■ **DIRECTIONS FOR THIS TASK**
Exactly as they appear, copy the lines from the one holding "Image of Automation and The Future of Work" through the end of the records, leaving pictures out.

(Image-text web data)
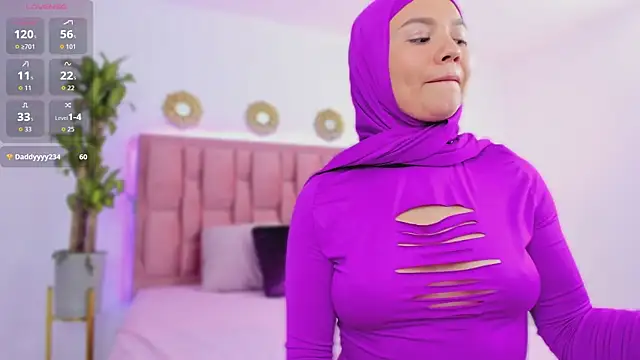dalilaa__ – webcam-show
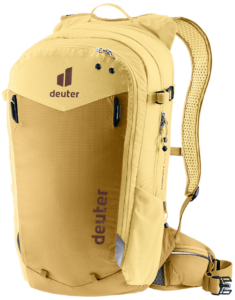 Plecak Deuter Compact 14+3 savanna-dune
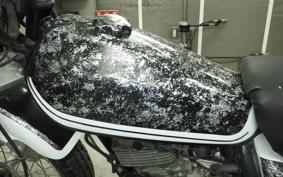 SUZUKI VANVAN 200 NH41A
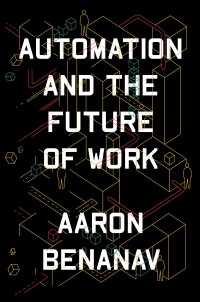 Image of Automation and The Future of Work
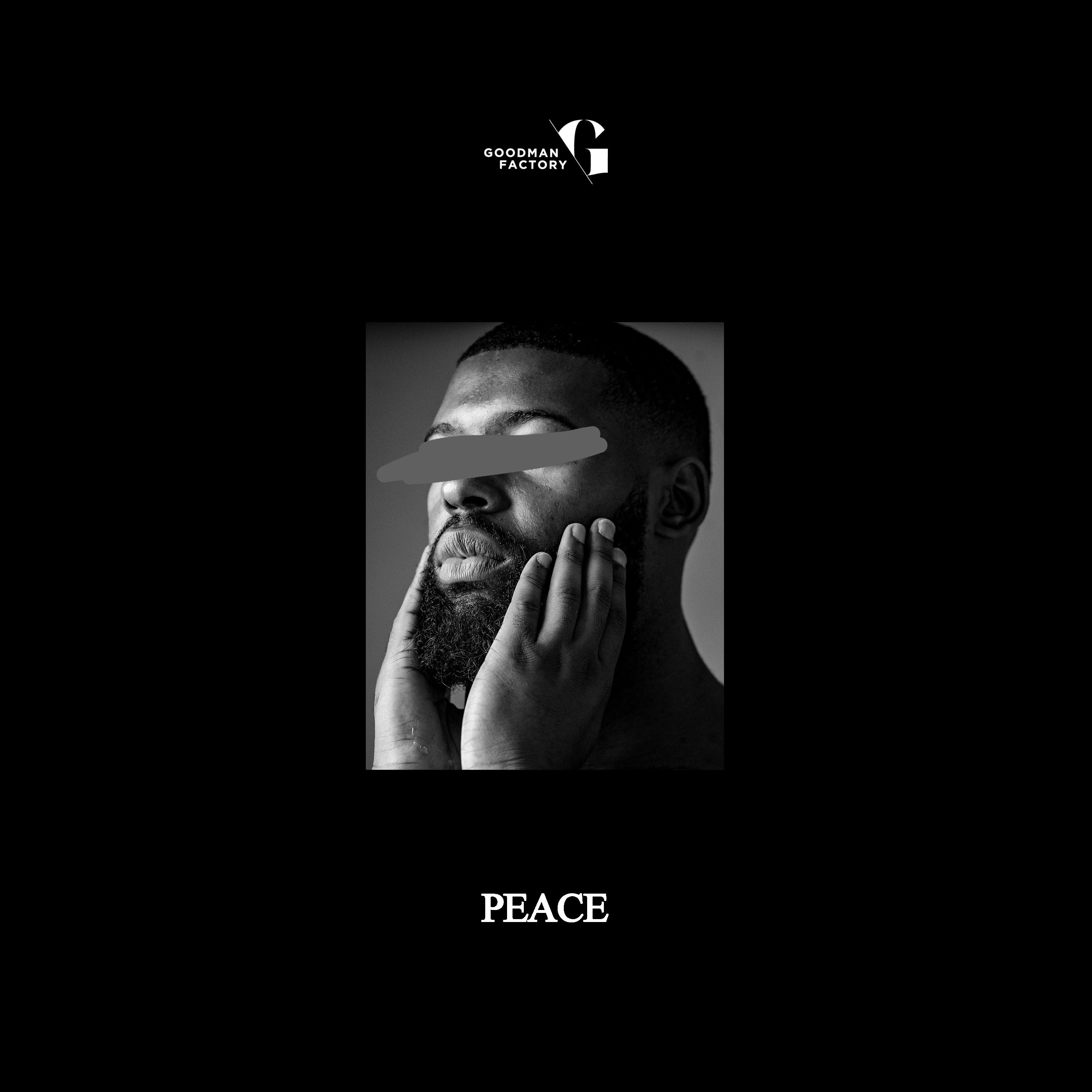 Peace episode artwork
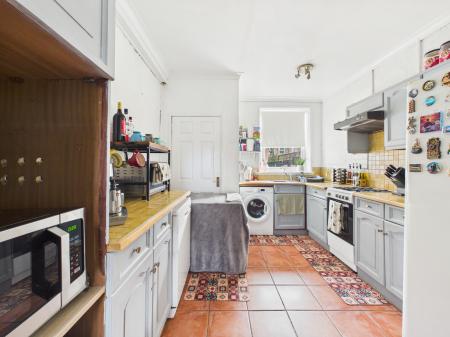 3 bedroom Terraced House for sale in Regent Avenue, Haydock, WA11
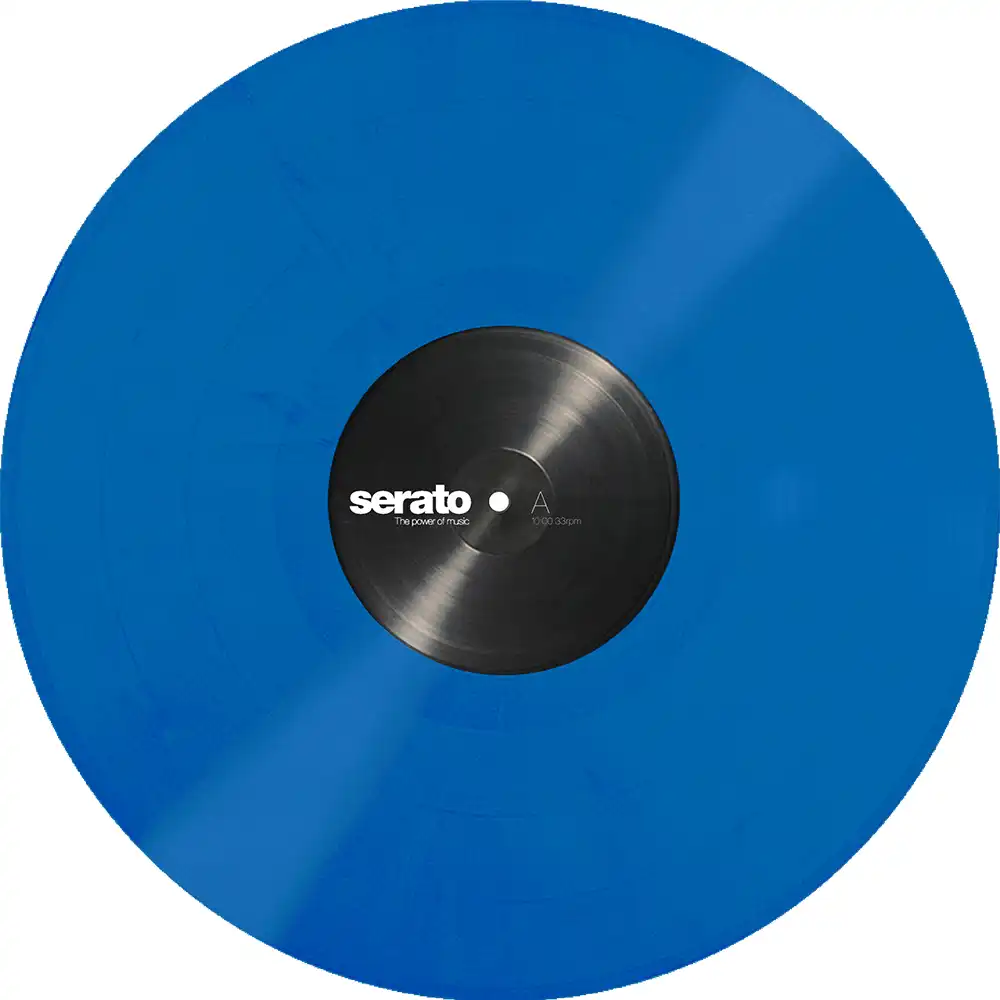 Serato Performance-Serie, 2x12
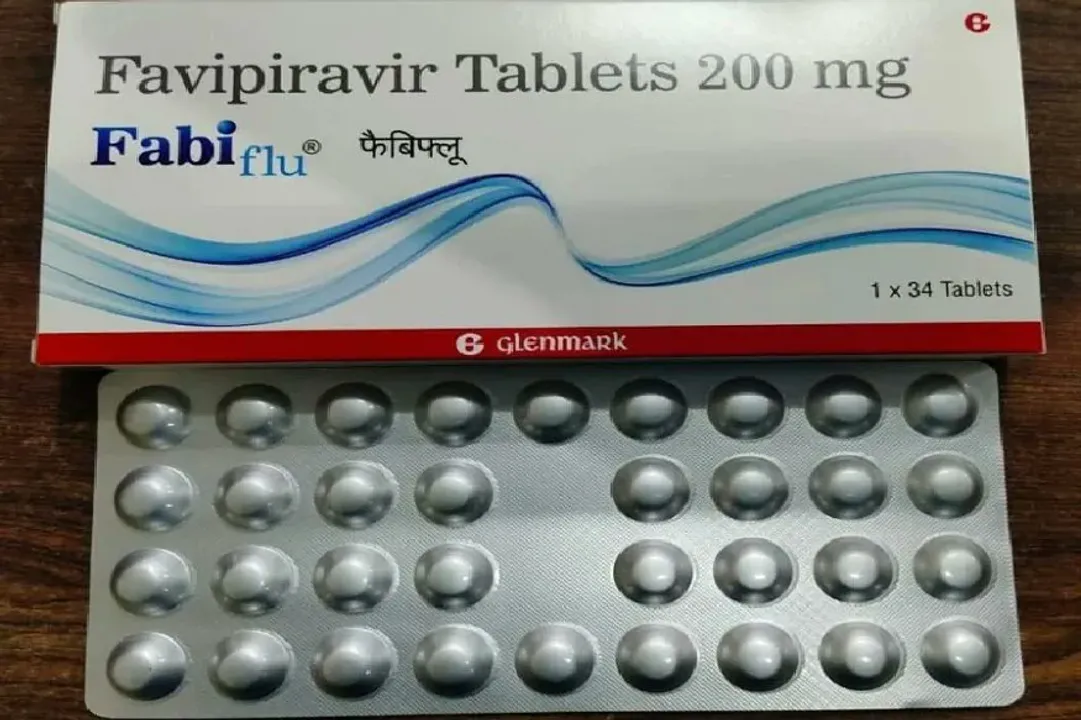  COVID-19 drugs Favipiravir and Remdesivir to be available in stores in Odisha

■ **REPLY TO THE EXERCISE**
 Image of Automation and The Future of Work
 Peace episode artwork
 3 bedroom Terraced House for sale in Regent Avenue, Haydock, WA11
 Serato Performance-Serie, 2x12
  COVID-19 drugs Favipiravir and Remdesivir to be available in stores in Odisha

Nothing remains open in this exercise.